Warm, Shallow, Seas

Jurassic 145-213 million years ago

This part of the exhibition has amazing marine reptiles from the Jurassic Period.. The remains of plesiosaurs, sea crocodiles such as Steneosaurus and ichthyosaurs fill the cases, including several discovered by famous fossil collector Mary Anning. These are displayed alongside ammonites, sea urchins and starfish. Many of these fossils were found locally in the Oxford Clay rocks of Cambridgeshire. Also on display are a remarkable range of fossils preserved in the Solnhofen limestones of Bavaria, Germany, which formed on the bottom of a shallow tropical lagoon. These quiet conditions favoured preservation, so the level of detail is remarkable.
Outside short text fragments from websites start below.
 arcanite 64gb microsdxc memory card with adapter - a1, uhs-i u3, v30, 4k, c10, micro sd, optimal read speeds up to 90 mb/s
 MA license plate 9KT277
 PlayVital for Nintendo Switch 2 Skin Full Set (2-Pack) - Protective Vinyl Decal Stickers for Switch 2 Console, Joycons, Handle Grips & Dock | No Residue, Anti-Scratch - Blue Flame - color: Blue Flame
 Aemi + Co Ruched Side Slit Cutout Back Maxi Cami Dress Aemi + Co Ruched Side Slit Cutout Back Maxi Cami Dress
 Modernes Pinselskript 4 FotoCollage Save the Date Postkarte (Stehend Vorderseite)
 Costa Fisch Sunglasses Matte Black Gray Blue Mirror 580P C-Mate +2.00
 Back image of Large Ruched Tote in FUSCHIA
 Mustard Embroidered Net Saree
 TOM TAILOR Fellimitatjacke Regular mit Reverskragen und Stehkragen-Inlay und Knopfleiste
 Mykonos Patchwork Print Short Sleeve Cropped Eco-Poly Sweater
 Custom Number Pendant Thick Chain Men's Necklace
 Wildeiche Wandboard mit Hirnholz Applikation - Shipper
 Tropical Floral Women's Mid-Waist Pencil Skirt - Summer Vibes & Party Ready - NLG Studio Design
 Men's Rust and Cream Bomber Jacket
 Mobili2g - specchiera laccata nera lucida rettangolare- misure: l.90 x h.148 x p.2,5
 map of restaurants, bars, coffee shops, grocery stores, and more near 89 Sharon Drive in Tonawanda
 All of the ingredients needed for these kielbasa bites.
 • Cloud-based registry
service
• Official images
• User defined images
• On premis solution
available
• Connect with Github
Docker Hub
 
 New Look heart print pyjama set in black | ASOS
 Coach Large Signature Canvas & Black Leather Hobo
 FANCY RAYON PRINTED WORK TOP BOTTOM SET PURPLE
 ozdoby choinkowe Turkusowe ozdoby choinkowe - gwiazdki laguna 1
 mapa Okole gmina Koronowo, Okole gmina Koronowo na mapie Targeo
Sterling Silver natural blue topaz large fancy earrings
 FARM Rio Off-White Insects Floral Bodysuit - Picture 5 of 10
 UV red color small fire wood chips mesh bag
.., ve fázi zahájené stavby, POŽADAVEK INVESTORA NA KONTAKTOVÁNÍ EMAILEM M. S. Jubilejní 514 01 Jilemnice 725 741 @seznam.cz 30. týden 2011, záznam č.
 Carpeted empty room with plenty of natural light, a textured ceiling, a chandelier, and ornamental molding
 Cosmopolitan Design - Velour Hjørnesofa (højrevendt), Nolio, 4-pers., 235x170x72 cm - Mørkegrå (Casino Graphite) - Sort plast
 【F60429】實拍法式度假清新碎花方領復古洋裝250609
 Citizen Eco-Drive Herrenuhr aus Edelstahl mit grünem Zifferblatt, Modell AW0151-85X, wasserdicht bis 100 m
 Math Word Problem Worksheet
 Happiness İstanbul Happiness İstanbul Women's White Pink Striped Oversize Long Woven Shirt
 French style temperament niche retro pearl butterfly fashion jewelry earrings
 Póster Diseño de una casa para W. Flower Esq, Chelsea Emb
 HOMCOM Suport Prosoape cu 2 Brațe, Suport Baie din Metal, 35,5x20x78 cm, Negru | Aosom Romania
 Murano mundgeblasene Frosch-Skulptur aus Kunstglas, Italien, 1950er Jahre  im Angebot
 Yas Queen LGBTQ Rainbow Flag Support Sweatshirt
These rocks are famous for the fossil of Archaeopteryx – one of the earliest known feathered creatures. A cast is displayed in this part of the gallery.

  Ichthyosaur

Ichthyosaurs are extinct marine reptiles with a dolphin-like body shape. Well preserved and sometimes complete fossils were amongst the first large fossil animal remains to be discovered in the early 19th Century, some time before the dinosaurs. Ichthyosaurs and other groups of extinct marine reptiles, such as the plesiosaurs, were known as 'monsters of the abyss'.
 Mary Anning

In the early 19th century, the Anning family collected fossils from the seacliffs around Lyme Regis in Dorset. Both mother and daughter were called Mary and it is the daughter, Mary (1799-1847), who is best known as a collector because she found some remarkable and important fossils which were bought by famous palaeontologists of the time, such as Adam Sedgwick.